- WHAT IS NEEDED: Find the line that contains "Spicy Corn Cartoon Character." in the entries below. Output it and each later line exactly, and nothing else.

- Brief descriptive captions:
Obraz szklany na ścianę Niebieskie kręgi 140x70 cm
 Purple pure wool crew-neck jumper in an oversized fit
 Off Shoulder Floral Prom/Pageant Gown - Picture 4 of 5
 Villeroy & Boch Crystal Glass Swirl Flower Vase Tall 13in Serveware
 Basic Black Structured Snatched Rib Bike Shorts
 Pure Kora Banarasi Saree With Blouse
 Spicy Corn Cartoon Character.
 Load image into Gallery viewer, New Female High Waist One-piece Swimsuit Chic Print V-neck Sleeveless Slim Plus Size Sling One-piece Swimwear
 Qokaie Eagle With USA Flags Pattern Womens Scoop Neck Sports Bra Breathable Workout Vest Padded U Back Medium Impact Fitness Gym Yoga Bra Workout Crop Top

- EXPECTED OUTPUT:
 Spicy Corn Cartoon Character.
 Load image into Gallery viewer, New Female High Waist One-piece Swimsuit Chic Print V-neck Sleeveless Slim Plus Size Sling One-piece Swimwear
 Qokaie Eagle With USA Flags Pattern Womens Scoop Neck Sports Bra Breathable Workout Vest Padded U Back Medium Impact Fitness Gym Yoga Bra Workout Crop Top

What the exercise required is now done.